Uit de grafieken blijkt dat de potentiële capaciteit van de batterijcel, met het oog op afstoting, gedurende de eerste 20-30 minuten van de stuurontlading kan worden bepaald aan de hand van de grootte van de ontlaadstroomval. En ook, ondanks één volledige ontlaadcyclus en de geschatte lading van een oude batterijcel, zonder aanvullende herstelmaatregelen, wordt de capaciteit praktisch niet hersteld.
De reden voor een aanzienlijke daling van de capaciteit van nikkel-metaalhydride-elementen kan het geheugeneffect zijn. Het manifesteert zich in cycli van onvolledige ontlading en daaropvolgende lading. Als resultaat van deze operatie "onthoudt" de batterij de steeds lagere ondergrens van de ontlading, waardoor de capaciteit afneemt. Een deel van de actieve massa van de batterij valt buiten het proces.

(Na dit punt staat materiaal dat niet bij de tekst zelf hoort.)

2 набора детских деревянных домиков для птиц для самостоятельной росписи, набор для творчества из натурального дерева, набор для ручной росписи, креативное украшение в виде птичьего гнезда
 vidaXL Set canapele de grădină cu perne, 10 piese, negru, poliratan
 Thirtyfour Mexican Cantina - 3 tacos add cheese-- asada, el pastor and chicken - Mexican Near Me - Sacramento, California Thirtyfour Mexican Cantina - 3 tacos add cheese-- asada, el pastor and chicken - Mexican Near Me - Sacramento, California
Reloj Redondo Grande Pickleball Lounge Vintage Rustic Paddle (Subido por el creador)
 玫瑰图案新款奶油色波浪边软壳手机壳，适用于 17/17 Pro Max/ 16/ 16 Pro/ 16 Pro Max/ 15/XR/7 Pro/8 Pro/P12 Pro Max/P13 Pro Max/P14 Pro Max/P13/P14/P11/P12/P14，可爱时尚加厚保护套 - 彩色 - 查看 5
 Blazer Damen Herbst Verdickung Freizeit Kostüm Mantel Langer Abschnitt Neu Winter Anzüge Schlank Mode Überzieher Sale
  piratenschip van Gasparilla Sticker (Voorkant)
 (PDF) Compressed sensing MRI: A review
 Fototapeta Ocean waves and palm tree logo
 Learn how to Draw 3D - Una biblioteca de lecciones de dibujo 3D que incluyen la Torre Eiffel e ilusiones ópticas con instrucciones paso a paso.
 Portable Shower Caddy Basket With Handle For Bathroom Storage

Om dit effect te elimineren, wordt aanbevolen om de batterijen regelmatig te herstellen of te trainen. Om dit te doen, wordt volgens het bovenstaande diagram de ontlading uitgevoerd en vervolgens het volledige laadproces. Het wordt aanbevolen om verschillende van dergelijke cycli uit te voeren.
Een andere manier om NiMH-batterijen te herstellen, is door er stroom doorheen te leiden in korte pulsen. De stroom moet tien keer hoger zijn dan de waarde van de capaciteit van het element. Tegelijkertijd worden dendrieten vernietigd en wordt de batterij "bijgewerkt". Verder wordt zijn training uitgevoerd in de vorm van verschillende laad-ontlaadcycli.